Problem statement: Taking the line containing "this 640×480 image." as the first and the last line of the entries as the end, reproduce every line between them exactly, including both.

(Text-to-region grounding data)
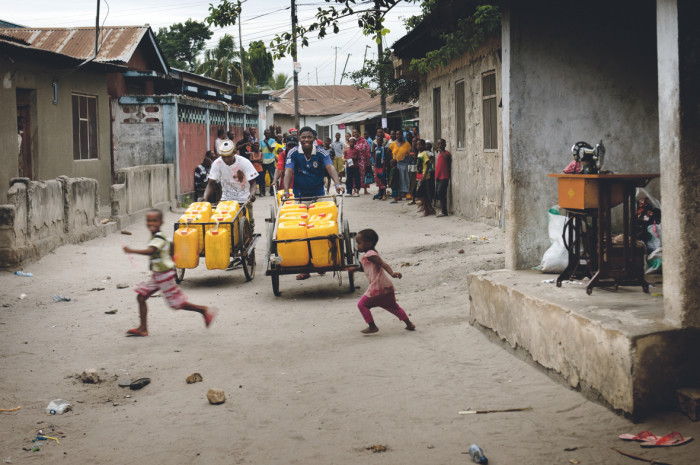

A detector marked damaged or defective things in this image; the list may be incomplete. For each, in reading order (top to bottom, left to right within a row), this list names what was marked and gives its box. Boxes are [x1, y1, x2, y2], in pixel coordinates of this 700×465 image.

rusty metal roof [0, 26, 154, 65]
rusty metal roof [270, 86, 408, 117]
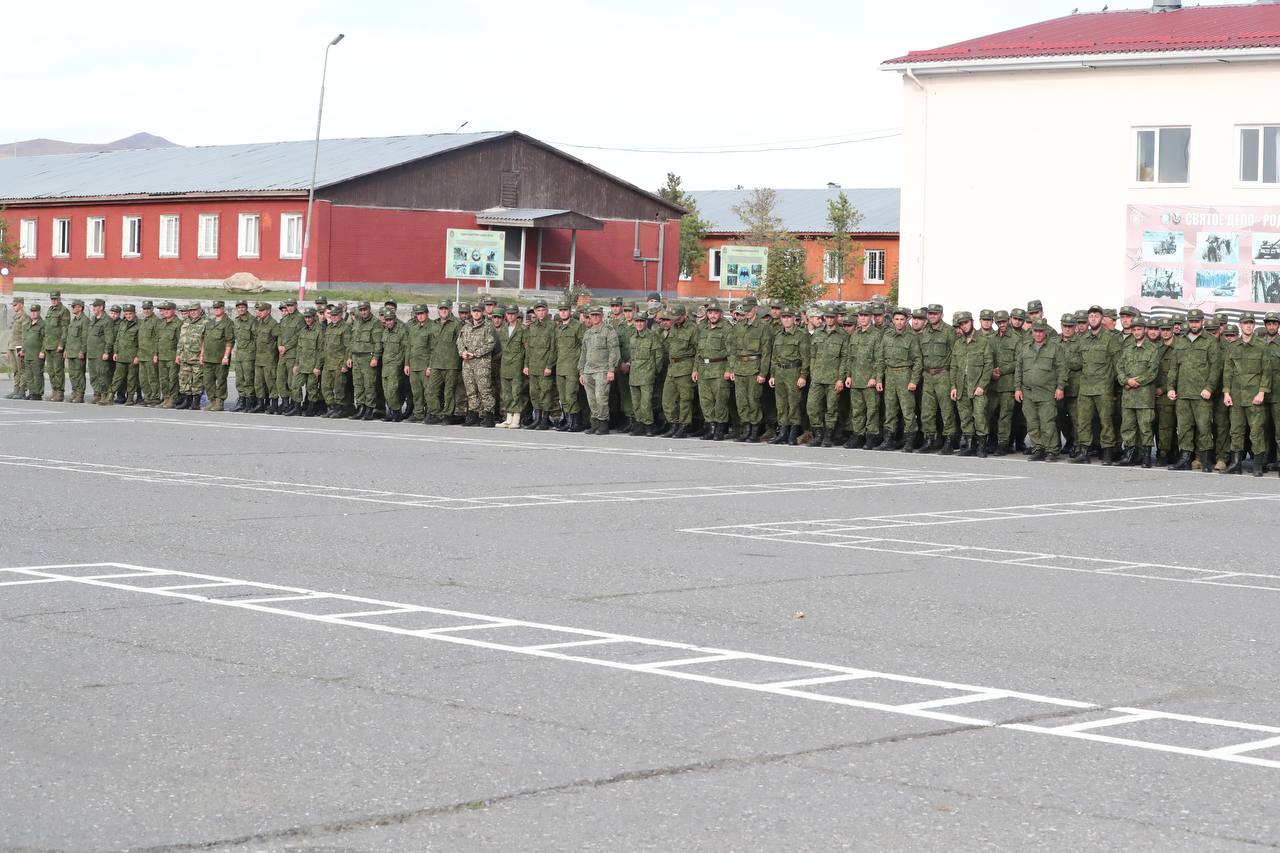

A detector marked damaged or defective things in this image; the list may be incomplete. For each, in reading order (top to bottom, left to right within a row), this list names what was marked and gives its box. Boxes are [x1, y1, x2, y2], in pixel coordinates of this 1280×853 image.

cracked asphalt [0, 386, 1274, 850]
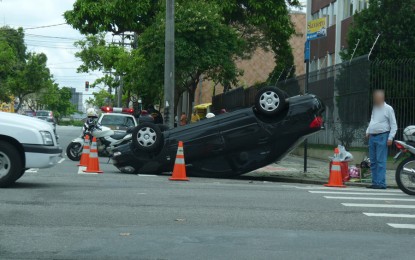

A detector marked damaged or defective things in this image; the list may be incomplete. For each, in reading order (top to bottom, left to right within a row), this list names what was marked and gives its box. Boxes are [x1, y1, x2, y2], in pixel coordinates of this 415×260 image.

overturned black car [112, 87, 326, 177]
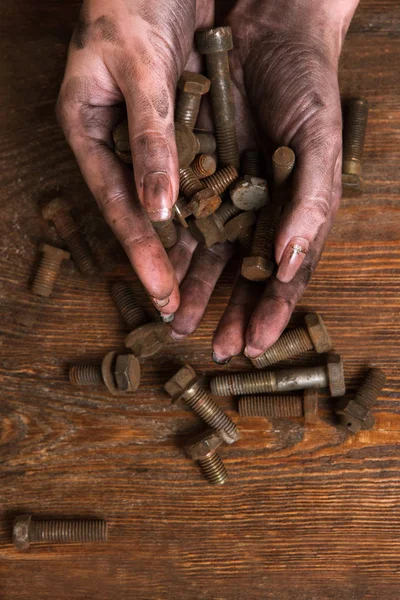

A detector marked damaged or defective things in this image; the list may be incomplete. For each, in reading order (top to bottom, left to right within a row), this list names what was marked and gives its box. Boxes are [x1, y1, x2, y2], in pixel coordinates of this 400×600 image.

rusty bolt [177, 72, 211, 130]
rusty bolt [195, 26, 239, 168]
rusty bolt [190, 152, 216, 178]
rusty bolt [195, 132, 217, 155]
rusty bolt [342, 97, 370, 193]
rusty bolt [231, 176, 268, 211]
rusty bolt [41, 199, 95, 278]
rusty bolt [154, 218, 177, 248]
rusty bolt [31, 244, 70, 298]
rusty bolt [252, 312, 332, 368]
rusty bolt [70, 352, 141, 394]
rusty bolt [163, 364, 239, 442]
rusty bolt [238, 390, 318, 422]
rusty bolt [211, 352, 346, 398]
rusty bolt [336, 368, 386, 434]
rusty bolt [184, 428, 228, 486]
rusty bolt [13, 516, 108, 552]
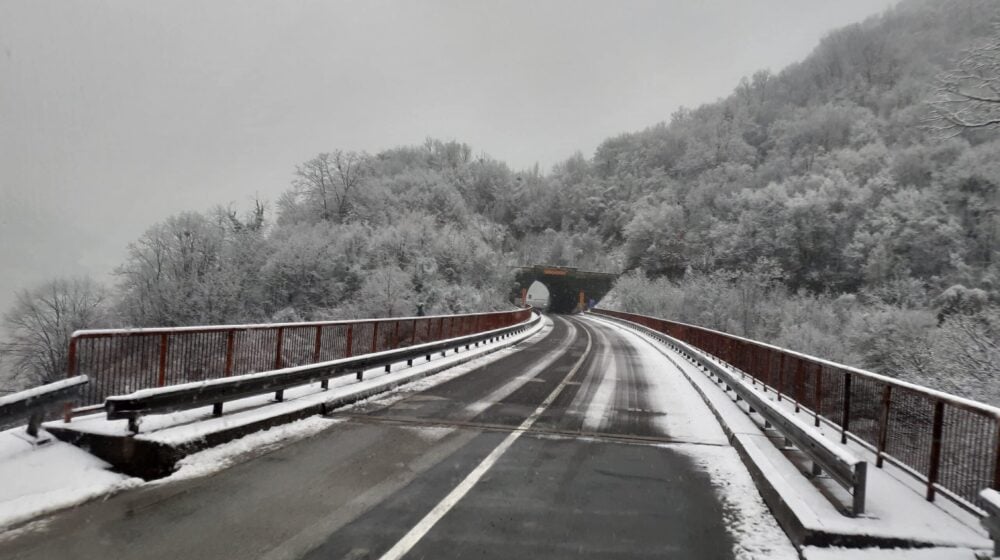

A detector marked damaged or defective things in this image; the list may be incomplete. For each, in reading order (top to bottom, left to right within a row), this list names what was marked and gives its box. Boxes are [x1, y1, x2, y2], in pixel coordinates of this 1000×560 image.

rusty red railing [67, 308, 532, 410]
rusty red railing [592, 306, 1000, 512]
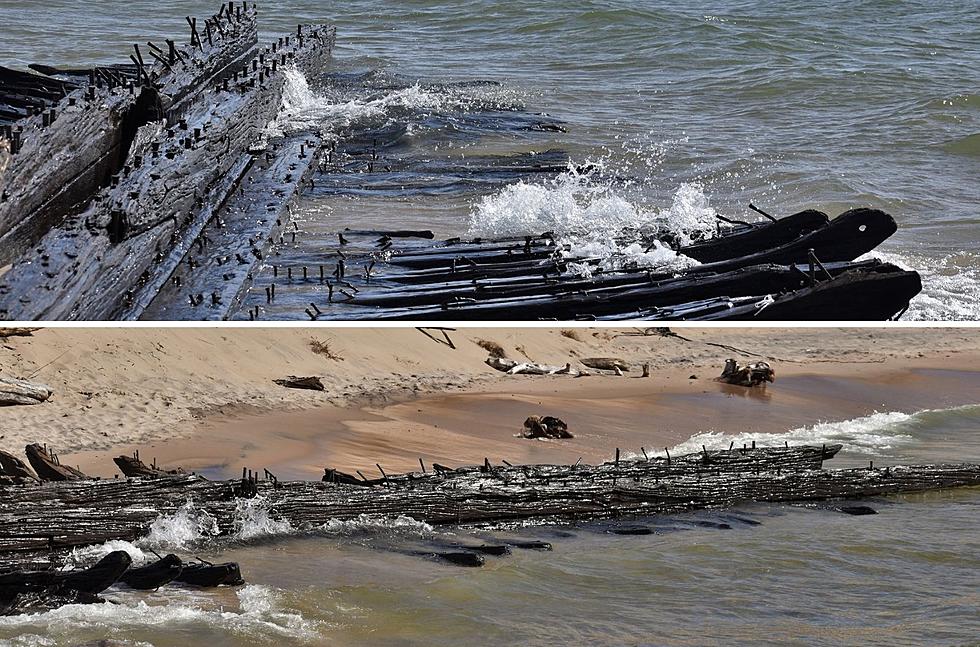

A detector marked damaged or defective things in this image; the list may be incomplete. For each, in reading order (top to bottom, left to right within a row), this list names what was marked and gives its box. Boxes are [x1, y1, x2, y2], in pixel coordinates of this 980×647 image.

charred black timber [1, 446, 980, 560]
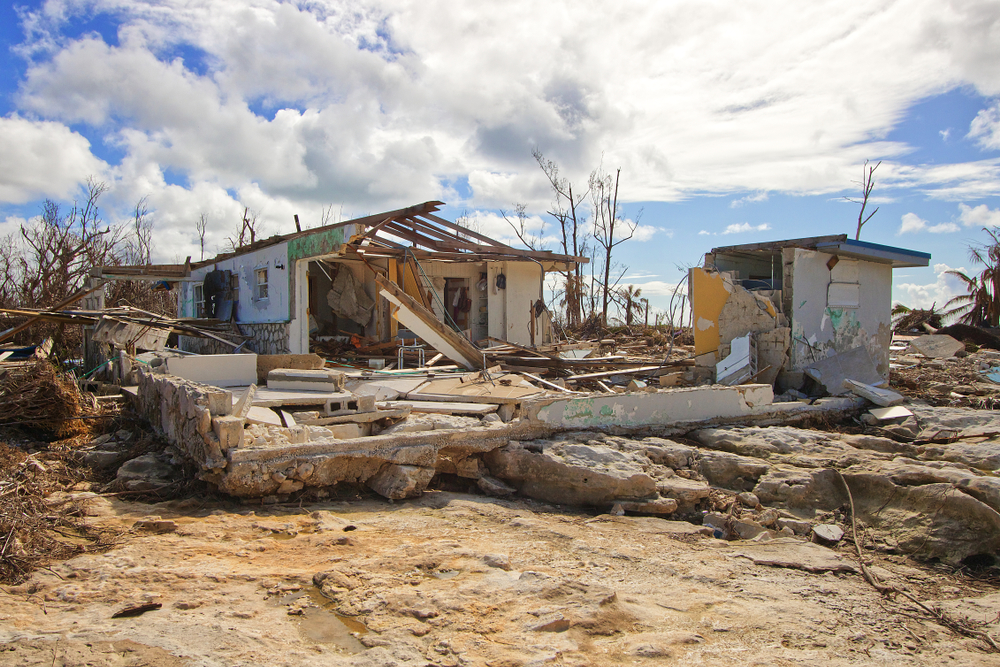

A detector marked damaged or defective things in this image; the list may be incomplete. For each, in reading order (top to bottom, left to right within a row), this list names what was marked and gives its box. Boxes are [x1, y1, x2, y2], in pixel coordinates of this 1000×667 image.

wrecked shed [94, 201, 584, 360]
wrecked shed [688, 235, 928, 392]
broken concrete slab [165, 352, 260, 388]
broken concrete slab [804, 348, 884, 394]
broken concrete slab [844, 380, 908, 408]
broken concrete slab [912, 334, 964, 360]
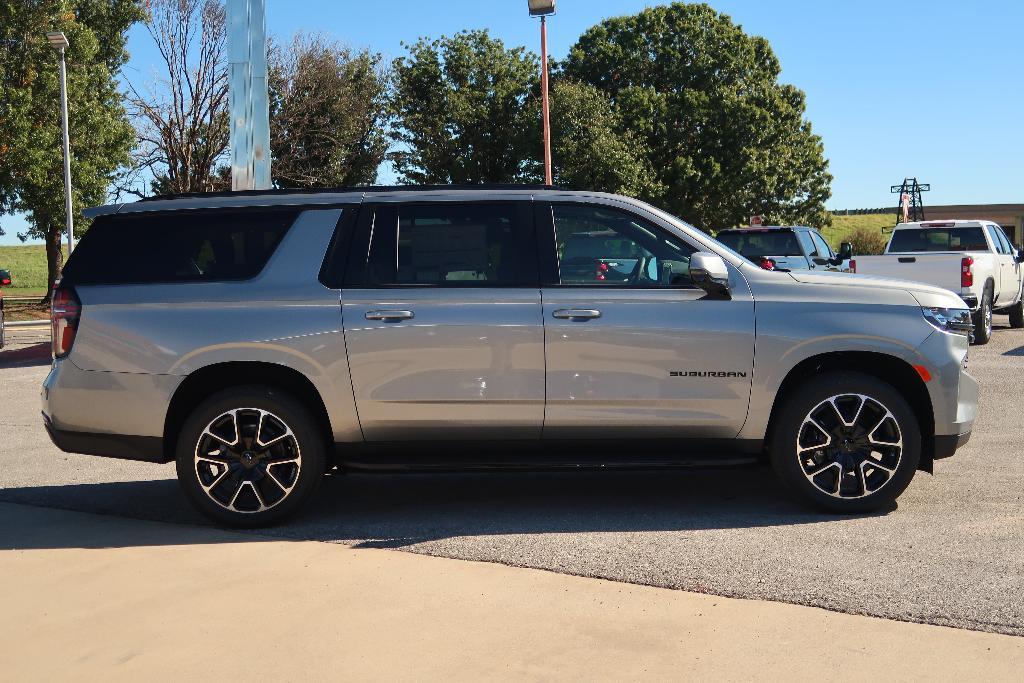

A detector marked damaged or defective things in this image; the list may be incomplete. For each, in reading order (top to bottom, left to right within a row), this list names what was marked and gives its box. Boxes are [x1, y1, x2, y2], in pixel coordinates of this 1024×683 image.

rusty red pole [536, 15, 552, 185]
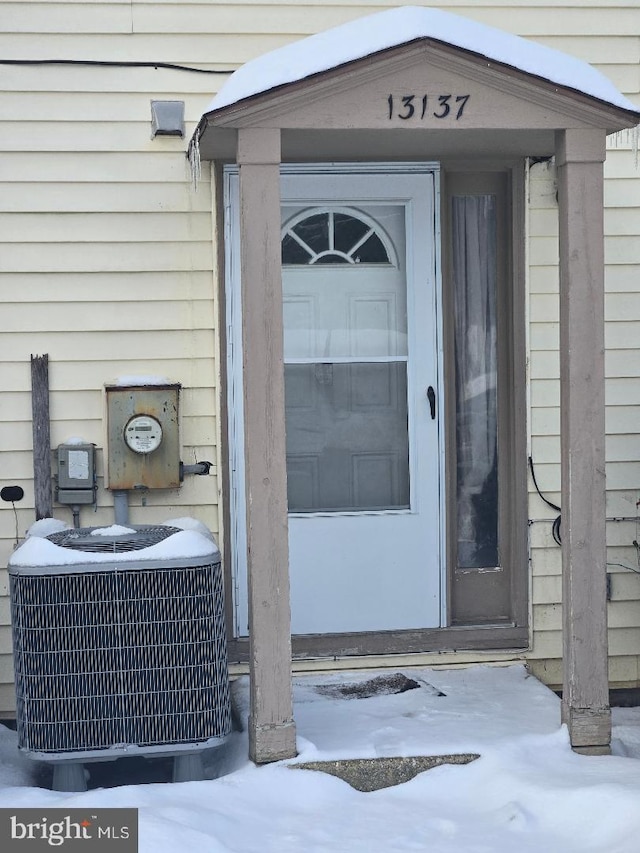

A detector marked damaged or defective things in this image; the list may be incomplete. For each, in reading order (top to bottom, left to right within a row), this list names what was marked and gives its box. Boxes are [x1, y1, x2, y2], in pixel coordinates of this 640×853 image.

rusty metal meter box [105, 382, 180, 490]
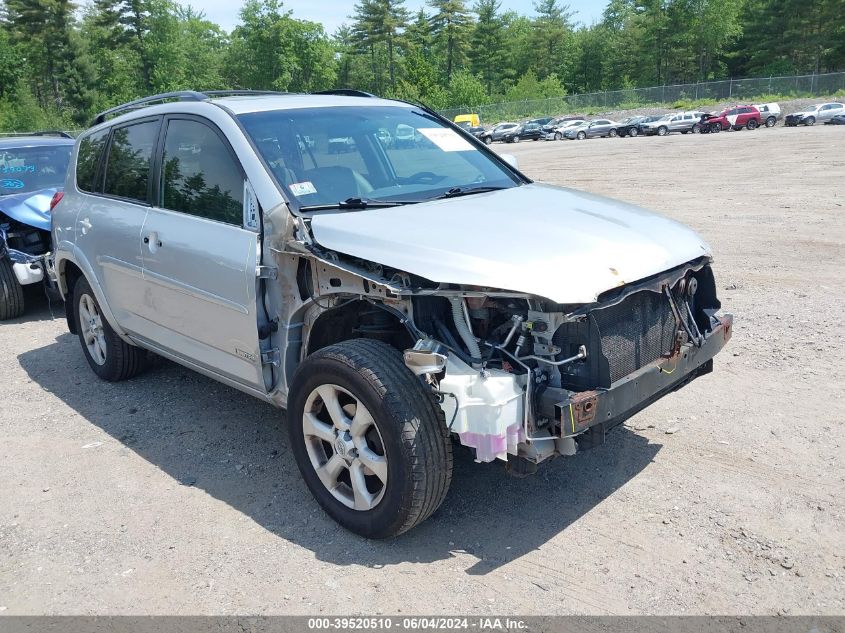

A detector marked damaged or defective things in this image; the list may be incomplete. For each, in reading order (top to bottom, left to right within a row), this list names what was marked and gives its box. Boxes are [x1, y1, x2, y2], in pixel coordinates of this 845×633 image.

damaged hood edge [310, 181, 712, 304]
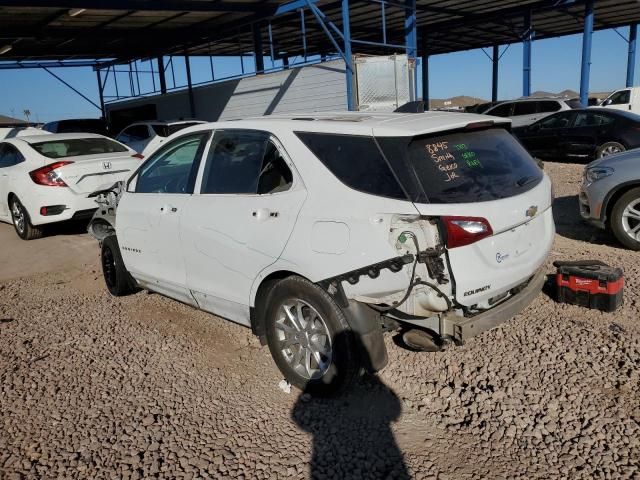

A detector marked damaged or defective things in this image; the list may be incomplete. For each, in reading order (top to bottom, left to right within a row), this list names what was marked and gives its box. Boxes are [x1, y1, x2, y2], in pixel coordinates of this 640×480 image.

detached bumper component [440, 268, 544, 344]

Exercise output:
A detector marked damaged or defective things in this image; the list may be incomplete. For each, in reading order (top to bottom, left to right within a row), this list names what was marked and gives its box. Boxes are [x1, y1, x2, y2], in pixel coordinates of this 640×480 image.

detached bumper component [440, 268, 544, 344]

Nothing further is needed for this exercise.